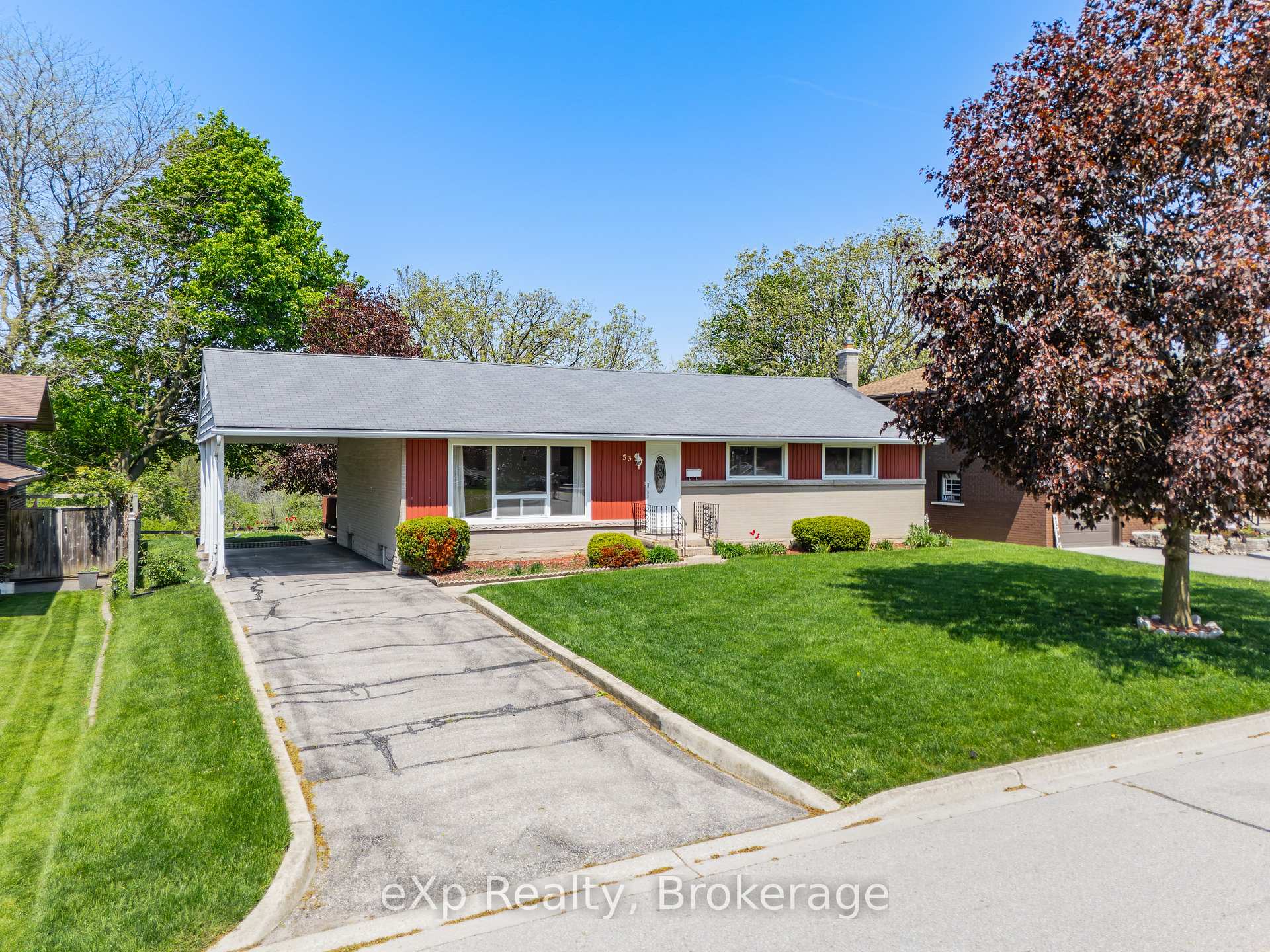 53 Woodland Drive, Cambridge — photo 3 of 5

● ● ● ●

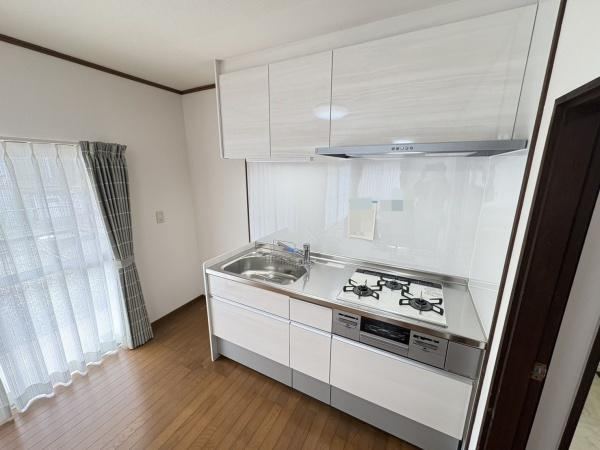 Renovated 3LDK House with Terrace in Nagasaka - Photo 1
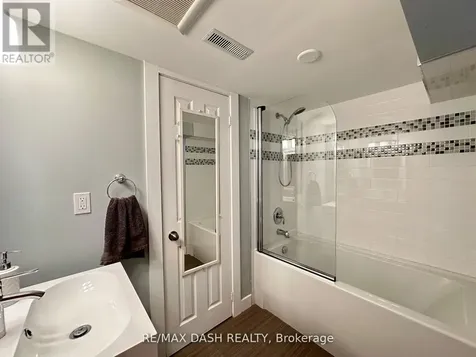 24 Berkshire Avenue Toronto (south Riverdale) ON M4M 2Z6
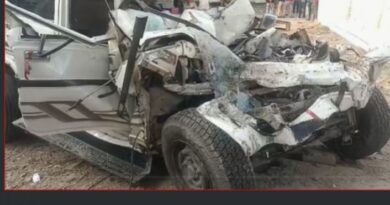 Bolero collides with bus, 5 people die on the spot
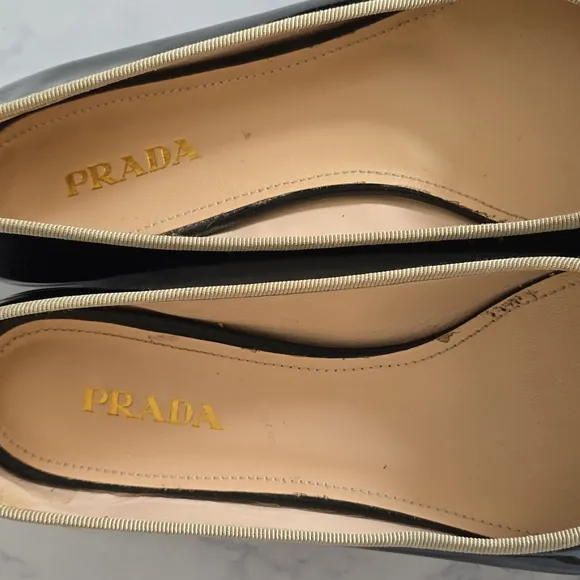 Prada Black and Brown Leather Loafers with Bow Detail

● ● ● ●

Give back exactly the lines above from the one with "Bolero collides with" through the one with "Prada Black and", both included. Pictures don't belong in the copy.

 Bolero collides with bus, 5 people die on the spot
 Prada Black and Brown Leather Loafers with Bow Detail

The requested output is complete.